On the way back I stayed in Greensboro, North Carolina, another modern city which seems designed almost entirely around the car. In the fading light I spent half an hour driving around four-lane roads in the centre of town, twice missing my turn and getting increasingly flustered. (How do the Griswalds get so confused by roundabouts? They’re so much simpler.)
In the lift on the way out in the morning an older man stops the door for me and says something in a southern accent about it being like ‘making the jump’, perhaps a reference to my huge rucksack. He then explains how he fought for the US air force parachuting out of aeroplanes for many years. Struggling for something to say, I reply ‘Thank you for your service’ awkwardly, not entirely sure what I mean by this (did the war he fought in serve any British strategic interest?). I drive off north, back to Washington.
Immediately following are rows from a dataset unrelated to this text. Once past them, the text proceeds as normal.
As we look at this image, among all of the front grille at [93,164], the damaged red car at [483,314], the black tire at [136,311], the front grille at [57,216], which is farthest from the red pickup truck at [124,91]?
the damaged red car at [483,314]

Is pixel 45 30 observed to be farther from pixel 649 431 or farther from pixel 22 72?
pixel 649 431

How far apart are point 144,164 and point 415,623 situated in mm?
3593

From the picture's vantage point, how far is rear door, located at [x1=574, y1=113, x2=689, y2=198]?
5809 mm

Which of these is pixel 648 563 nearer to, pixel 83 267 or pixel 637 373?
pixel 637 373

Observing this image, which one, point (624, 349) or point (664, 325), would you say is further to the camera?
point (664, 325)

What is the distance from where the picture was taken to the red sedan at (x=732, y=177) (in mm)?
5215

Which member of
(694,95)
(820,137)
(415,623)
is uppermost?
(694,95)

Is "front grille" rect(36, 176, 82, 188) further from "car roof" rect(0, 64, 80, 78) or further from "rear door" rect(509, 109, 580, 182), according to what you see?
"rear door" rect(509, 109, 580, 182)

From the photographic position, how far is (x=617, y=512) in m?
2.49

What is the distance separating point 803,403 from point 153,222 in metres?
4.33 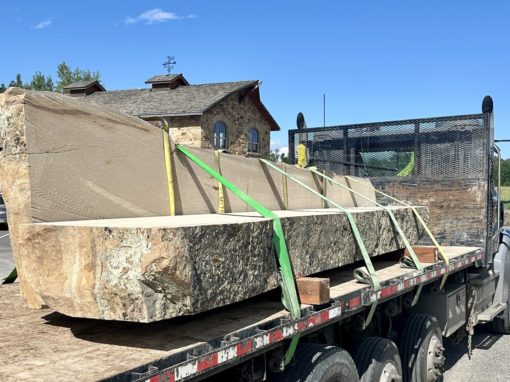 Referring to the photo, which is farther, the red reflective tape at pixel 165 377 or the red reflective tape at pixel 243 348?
the red reflective tape at pixel 243 348

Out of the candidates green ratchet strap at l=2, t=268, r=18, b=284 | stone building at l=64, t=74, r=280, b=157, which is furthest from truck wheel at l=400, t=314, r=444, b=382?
stone building at l=64, t=74, r=280, b=157

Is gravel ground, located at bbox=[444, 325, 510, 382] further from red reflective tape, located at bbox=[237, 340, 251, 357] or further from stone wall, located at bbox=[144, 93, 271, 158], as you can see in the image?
stone wall, located at bbox=[144, 93, 271, 158]

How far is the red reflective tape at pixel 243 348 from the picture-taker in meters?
2.37

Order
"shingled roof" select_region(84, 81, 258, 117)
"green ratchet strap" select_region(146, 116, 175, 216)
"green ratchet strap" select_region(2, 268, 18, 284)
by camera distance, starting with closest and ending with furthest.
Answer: "green ratchet strap" select_region(146, 116, 175, 216), "green ratchet strap" select_region(2, 268, 18, 284), "shingled roof" select_region(84, 81, 258, 117)

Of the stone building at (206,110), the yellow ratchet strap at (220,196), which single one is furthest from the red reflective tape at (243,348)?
the stone building at (206,110)

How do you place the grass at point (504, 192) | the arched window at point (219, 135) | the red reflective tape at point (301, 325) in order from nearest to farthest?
the red reflective tape at point (301, 325), the grass at point (504, 192), the arched window at point (219, 135)

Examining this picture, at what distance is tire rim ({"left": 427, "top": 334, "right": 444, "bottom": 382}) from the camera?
187 inches

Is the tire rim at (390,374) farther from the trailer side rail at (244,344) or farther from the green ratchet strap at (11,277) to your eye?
the green ratchet strap at (11,277)

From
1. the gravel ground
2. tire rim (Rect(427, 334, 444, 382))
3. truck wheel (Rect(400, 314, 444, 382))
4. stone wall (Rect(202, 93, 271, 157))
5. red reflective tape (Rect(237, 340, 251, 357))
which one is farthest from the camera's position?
stone wall (Rect(202, 93, 271, 157))

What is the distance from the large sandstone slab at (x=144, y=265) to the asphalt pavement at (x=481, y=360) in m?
Answer: 3.79

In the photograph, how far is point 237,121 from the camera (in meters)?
A: 26.2

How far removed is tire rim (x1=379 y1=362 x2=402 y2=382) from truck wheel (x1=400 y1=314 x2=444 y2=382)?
60 centimetres

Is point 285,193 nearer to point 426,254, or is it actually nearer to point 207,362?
point 426,254

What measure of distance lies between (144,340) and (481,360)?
5036mm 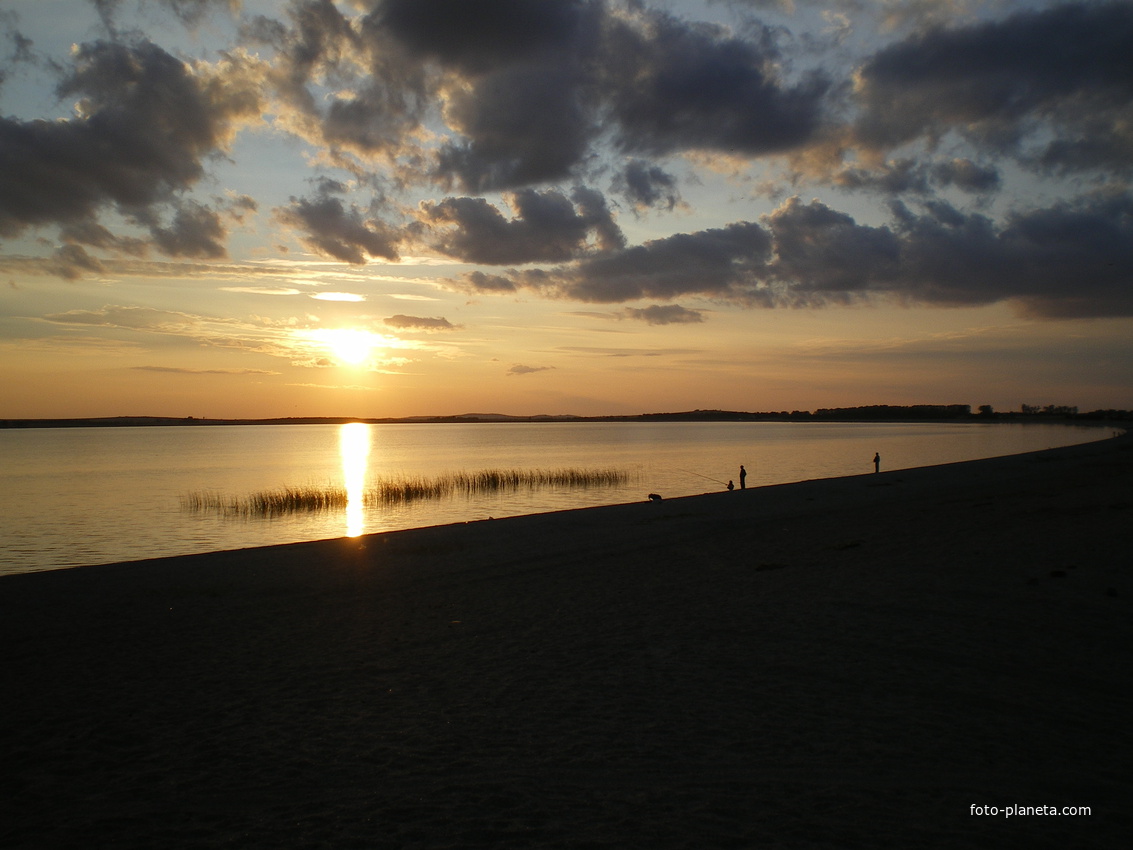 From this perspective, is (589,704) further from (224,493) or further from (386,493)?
(224,493)

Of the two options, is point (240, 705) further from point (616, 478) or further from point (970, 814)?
point (616, 478)

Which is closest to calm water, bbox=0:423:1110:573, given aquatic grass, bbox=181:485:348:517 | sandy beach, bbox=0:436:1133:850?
aquatic grass, bbox=181:485:348:517

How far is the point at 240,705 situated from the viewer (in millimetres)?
7406

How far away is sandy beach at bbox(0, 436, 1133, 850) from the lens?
4887 mm

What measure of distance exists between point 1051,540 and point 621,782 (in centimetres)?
1339

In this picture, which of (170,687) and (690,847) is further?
(170,687)

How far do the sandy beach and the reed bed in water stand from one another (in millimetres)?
20700

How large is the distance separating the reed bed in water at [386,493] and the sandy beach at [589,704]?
815 inches

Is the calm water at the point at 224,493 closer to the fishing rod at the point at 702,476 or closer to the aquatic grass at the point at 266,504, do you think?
the fishing rod at the point at 702,476

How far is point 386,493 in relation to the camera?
1563 inches

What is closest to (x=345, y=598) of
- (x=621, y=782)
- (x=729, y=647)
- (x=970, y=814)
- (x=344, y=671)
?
(x=344, y=671)

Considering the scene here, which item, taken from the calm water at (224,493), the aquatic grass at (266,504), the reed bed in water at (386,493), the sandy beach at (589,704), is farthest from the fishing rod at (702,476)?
the sandy beach at (589,704)

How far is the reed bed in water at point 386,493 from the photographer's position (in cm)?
3538

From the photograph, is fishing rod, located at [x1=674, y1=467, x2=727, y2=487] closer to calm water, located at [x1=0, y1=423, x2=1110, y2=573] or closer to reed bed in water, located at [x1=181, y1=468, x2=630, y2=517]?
calm water, located at [x1=0, y1=423, x2=1110, y2=573] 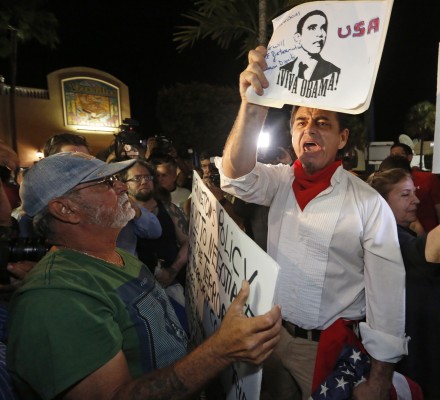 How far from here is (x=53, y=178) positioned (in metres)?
1.77

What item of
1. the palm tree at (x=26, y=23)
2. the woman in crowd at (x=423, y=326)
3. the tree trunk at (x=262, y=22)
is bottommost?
the woman in crowd at (x=423, y=326)

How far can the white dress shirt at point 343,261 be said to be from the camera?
1888 mm

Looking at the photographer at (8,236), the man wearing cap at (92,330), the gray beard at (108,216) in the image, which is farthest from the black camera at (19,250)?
the gray beard at (108,216)

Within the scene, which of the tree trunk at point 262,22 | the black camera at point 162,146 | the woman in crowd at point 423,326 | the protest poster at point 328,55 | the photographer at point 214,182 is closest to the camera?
the protest poster at point 328,55

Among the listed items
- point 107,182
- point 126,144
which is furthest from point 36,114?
point 107,182

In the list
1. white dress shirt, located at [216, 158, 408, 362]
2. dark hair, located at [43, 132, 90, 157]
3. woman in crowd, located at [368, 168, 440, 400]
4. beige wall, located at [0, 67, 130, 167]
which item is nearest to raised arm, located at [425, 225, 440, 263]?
white dress shirt, located at [216, 158, 408, 362]

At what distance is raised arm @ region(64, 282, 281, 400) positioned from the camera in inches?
51.2

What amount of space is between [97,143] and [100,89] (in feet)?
12.4

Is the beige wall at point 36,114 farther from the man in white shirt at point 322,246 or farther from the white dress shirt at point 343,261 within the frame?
the white dress shirt at point 343,261

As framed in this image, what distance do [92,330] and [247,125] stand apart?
1131 millimetres

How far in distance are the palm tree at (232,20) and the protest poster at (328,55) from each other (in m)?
6.06

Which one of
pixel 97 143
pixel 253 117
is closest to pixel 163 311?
pixel 253 117

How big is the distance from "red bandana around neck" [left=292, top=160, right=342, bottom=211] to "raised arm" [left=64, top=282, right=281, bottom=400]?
87 centimetres

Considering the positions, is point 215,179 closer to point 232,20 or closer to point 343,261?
point 343,261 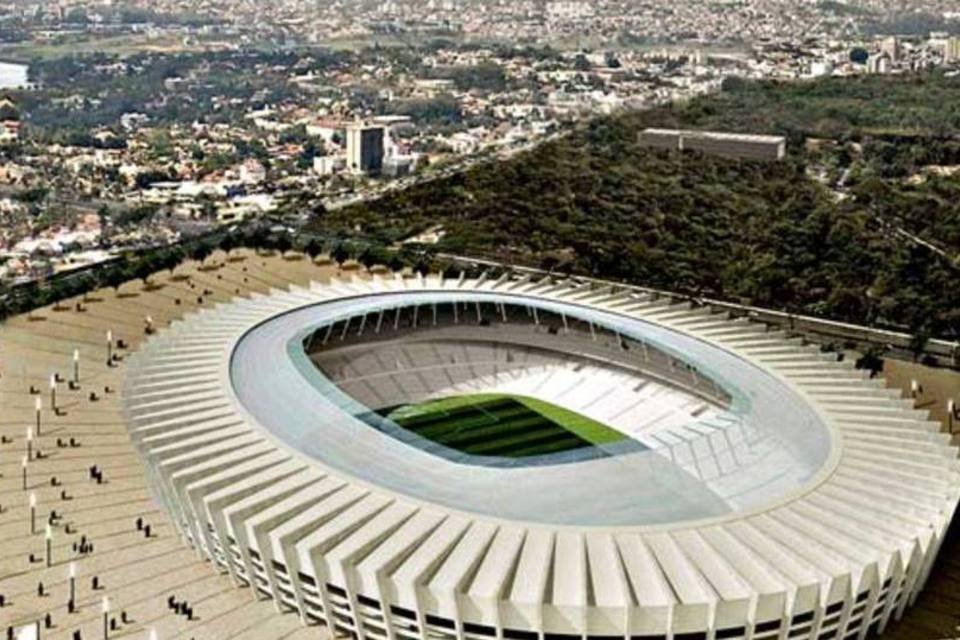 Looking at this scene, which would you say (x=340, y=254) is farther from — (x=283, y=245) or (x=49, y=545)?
(x=49, y=545)

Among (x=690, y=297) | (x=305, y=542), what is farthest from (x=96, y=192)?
(x=305, y=542)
Savannah, Georgia where we lived for a few years is (arguably) just as nice. It has a well maintained old part of the city with scenic squares and 18th century houses. Like Charleston, it has a terrific restaurant scene. So, put Savannah on your list for your next visit.
One of my team mates lives in Charleston. It seems lovely, but the high humidity and heat all year round would be hard for my Anglo-Saxon body to deal with. He’d never told me how pretty it was though. Lovely article and pics, Ed.